# Splitting a 2nd order PDE into a system of first order PDEs/ODEs

Consider a standard wave equation:
$\frac{\partial^2 p}{\partial t^2} = c^2 \frac{\partial^2 p}{\partial x^2}$

The question is how to formulate this as a first order system:
$\frac{\partial \textbf{u}}{\partial t} + A \frac{\partial \textbf{u}}{\partial x} = 0$

Thankfully, I have the answer to be:
$\textbf{u} = [ p_t, c p_x]^T, \hspace{10mm} A = \left( \begin{array}{cc} 0 & -c \\ -c & 0 \end{array} \right)$

However!

1) I would like to know how is this obtained - in a formal way.

For example, in the case with wave equation above we are given hints on how to choose $u_1$ and $u_2$ (in the problem I was solving).

But I would like to know if such procedure have a name and if there is more formal way to express it - how to apply it to more general 2nd order PDE?

Whenever I find something like this, it always starts with "try this variables..." but that sounds like advice from someone who knows the solution.

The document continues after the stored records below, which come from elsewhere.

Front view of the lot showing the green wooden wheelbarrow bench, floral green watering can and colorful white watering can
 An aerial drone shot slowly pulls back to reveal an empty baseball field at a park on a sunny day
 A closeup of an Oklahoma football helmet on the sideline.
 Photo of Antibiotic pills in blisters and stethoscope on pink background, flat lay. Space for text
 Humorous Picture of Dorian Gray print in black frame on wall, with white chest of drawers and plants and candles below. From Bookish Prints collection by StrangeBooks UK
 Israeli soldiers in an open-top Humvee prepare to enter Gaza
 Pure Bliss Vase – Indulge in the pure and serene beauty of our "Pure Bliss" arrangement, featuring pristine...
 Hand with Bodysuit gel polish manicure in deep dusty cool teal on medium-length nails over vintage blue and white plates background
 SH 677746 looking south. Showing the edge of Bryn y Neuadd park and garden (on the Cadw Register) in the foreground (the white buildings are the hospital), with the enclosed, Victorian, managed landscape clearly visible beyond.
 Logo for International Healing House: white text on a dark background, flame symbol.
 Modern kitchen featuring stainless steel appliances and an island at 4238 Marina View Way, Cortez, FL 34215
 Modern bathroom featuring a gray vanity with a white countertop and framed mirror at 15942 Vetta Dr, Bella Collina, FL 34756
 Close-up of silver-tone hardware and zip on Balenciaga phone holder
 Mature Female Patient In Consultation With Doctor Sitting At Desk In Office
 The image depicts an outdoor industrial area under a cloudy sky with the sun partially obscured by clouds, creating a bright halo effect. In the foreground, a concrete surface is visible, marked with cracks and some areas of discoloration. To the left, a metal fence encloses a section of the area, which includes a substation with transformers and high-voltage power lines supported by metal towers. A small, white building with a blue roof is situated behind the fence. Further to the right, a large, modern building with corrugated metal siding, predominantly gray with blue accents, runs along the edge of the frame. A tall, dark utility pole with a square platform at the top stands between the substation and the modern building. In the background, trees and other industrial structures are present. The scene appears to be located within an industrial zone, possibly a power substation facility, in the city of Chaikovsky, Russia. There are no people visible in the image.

Is it possible that the whole method is based on trial and error of different substitutions which seem reasonable?

2) How do we prove that the system of first order PDE above is indeed the wave equation decomposed?

Answer would be appreciated, but I would also go with good reference book or material which discuss this - the procedure, not particular solutions based on hints which I would never thought of myself.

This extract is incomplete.